But the 25-year-old continues to get frustrated every time he steps onto the red dirt.

After receiving a bye in the opening round, he was expected to cruise past fellow Russian Karastev in his opening match in Italy.

However, after falling a set and a break behind he completely flipped out and asked to be removed from the tournament.

“It’s the worst surface in the world for me,” Medvedev fumed. “But if you like to be in the dirt like a dog, I don’t judge.”

He then turned to match supervisor Gerry Armstrong and exclaimed: “I don’t wanna be here.

“Gerry, please default me, it would be better for everybody.”

Medvedev went on to lose the match 6-2 6-4 as he got his wish and was sent home.

The Australian Open finalist tried to coach himself through the match but he could not get his head around how to adjust his game style.

His mind is counting down the days until the grass season gets underway, even though he is due to compete in the French Open later this month.
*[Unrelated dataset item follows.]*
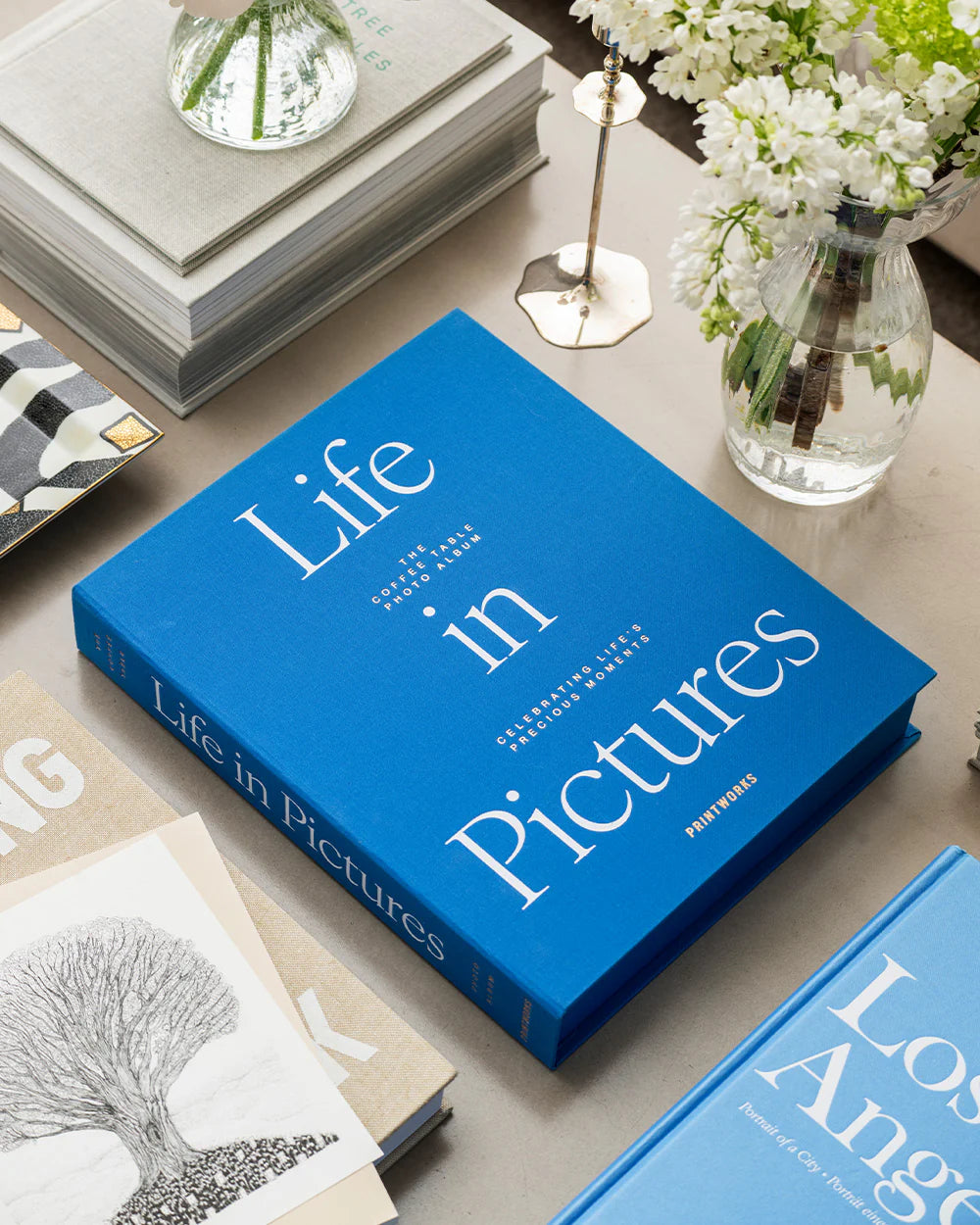 Photo Album - Life in Pictures Blue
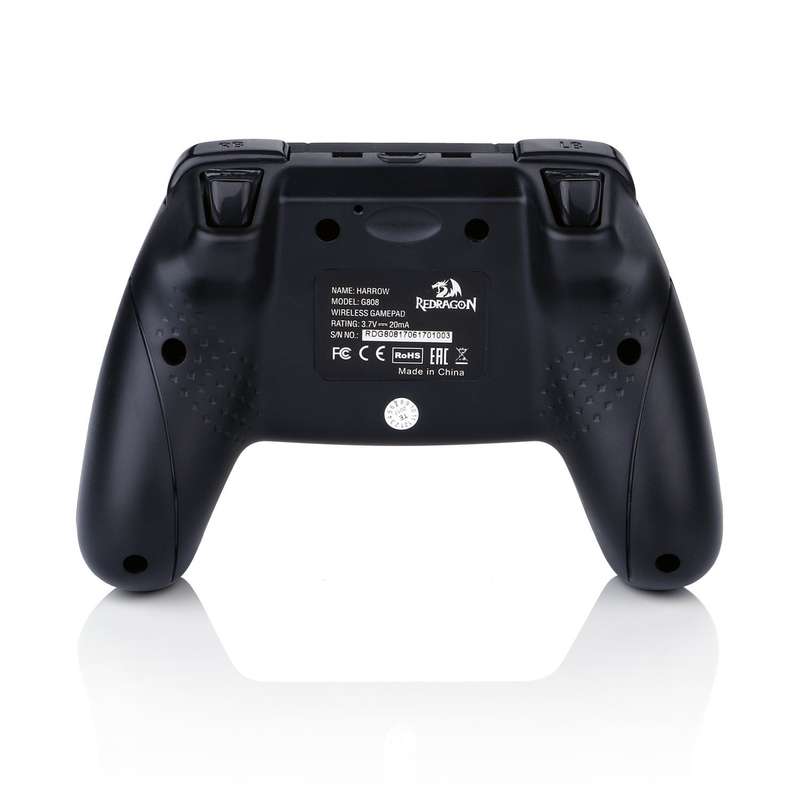 Redragon HARROW Wireless X/D-input(Digital/Analog) PC Controller Black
“I take the ball in the middle but it doesn’t walk,” he said during the match. “I’m doing my best, what can I do? Better wait for Halle, it’s a much better tournament.”

Earlier this month Mevedev attempted to explain his struggles on clay.

“I think my shots, my movement, and my physical appearance [build] doesn’t suit clay,” he said.

“I play on hard courts or grass courts for for eight months in a row and then I have this clay court scene for two months. First week when I come on clay, I hate everything around me.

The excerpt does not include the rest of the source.